Soon, she found her biggest artistic influencers in Joel Robison, Laura Makabresku, and Brooke Shaden. She also grew to love the work of Kristina Kashtanova whose creativity she described as literally knowing no bounds.
Today, Stanley uses a Canon 5D mk1 with a 50mm prime lens — nothing fancy but it allows her to create what she sees in her mind. She creates for the honest, simple, and “cut-the-bullshit” answer: because she enjoys it.
“Because I am human and, like you, I have the innate need to express and make sense of my internal universe. To create. Because I like making beautiful things.” Otherwise, she becomes depressed and uncentered.
“Everything we create, from our careers, relationships, actions or words we speak, is always a reflection of ourselves. Nowhere is this more visible or more keenly felt than in the art we create. My life journey is the context for my art.”
Relating more with being a creator than a documenter, she found that her love for film has enabled her to “spend a lot of time daydreaming about worlds not unlike this one, with maybe a bit more magic Photoshopped in.”
“Once I’m inspired to create something, I’ll draw it out very roughly, noting down keywords that I’d like to convey, like violence, grace, transformation, etc. and then plan it logistically. Location, wardrobe, props if any, then head out to shoot. I shoot almost exclusively in the ‘magic hour’, that time when the suns just dipped below the horizon and there aren’t any harsh shadows or sunshine.”

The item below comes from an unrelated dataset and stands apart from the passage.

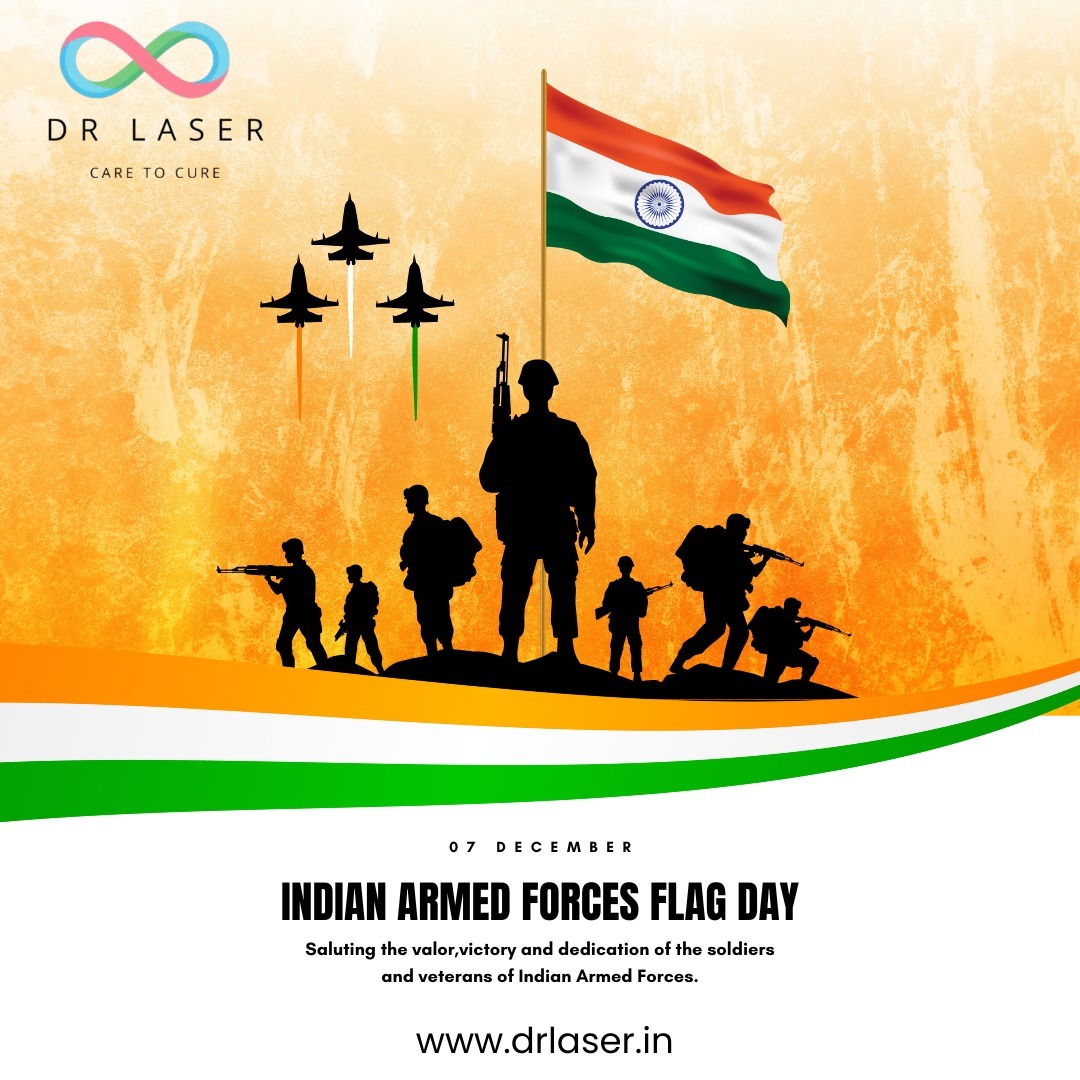 Indian Armed Forces Flag Day,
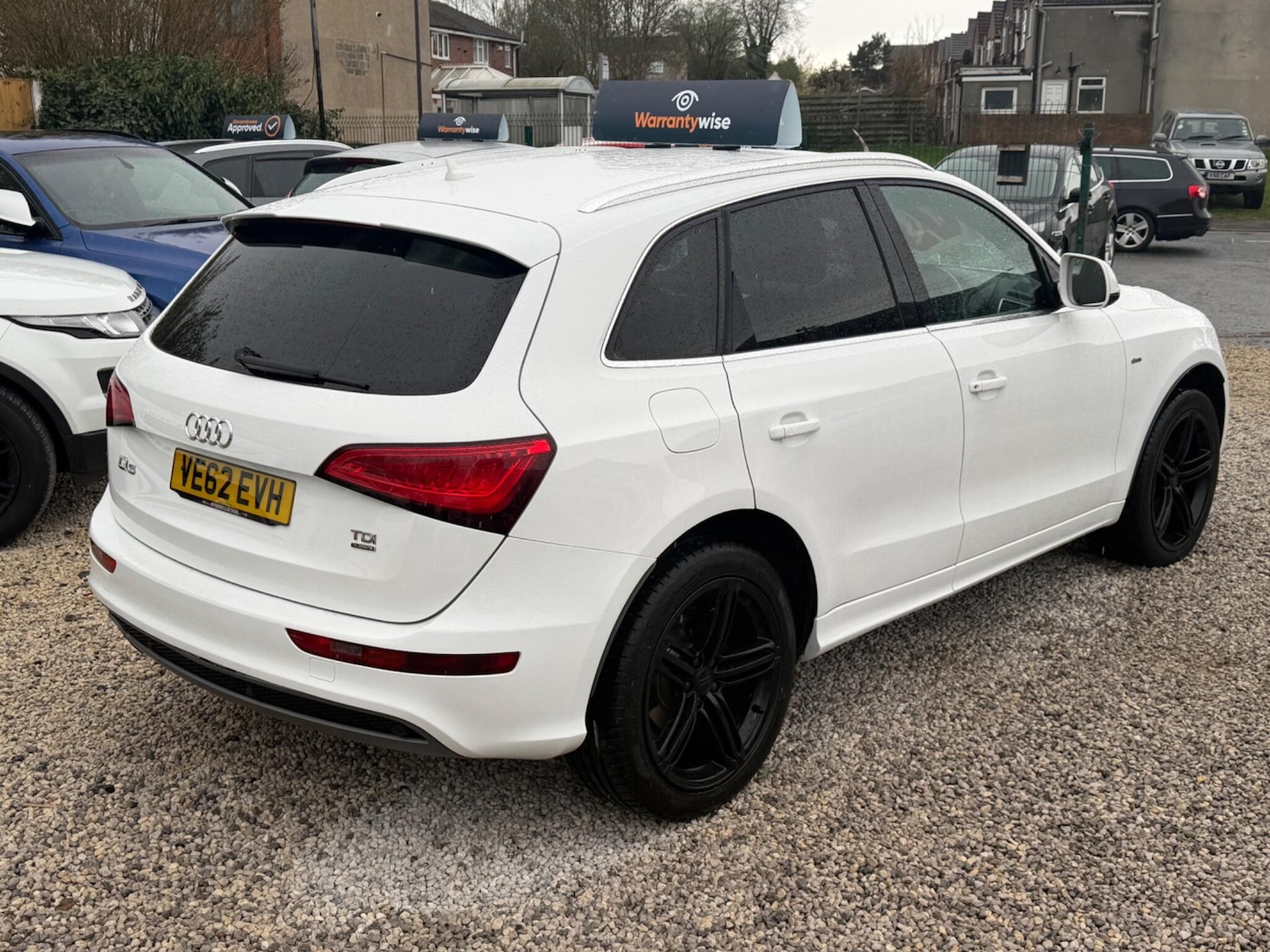 Used Audi Q5 2012 for sale - 78204545: Photo 10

For photographers like Stanley, emotive photography is a tool for their continuous exploration of their identity and everything that shapes them. As a consequence, she believes it “purifies” her of everything that isn’t part of who she is, and makes her art more authentic.
“In a way, this is not just my story but the human story. The story of releasing the societal constructs, labels, identities and influences, painful experiences, disappointments and shame to remember who we really are, in our truest forms. And in so doing reclaim our creativity, to express ourselves creatively in all aspects of our lives.”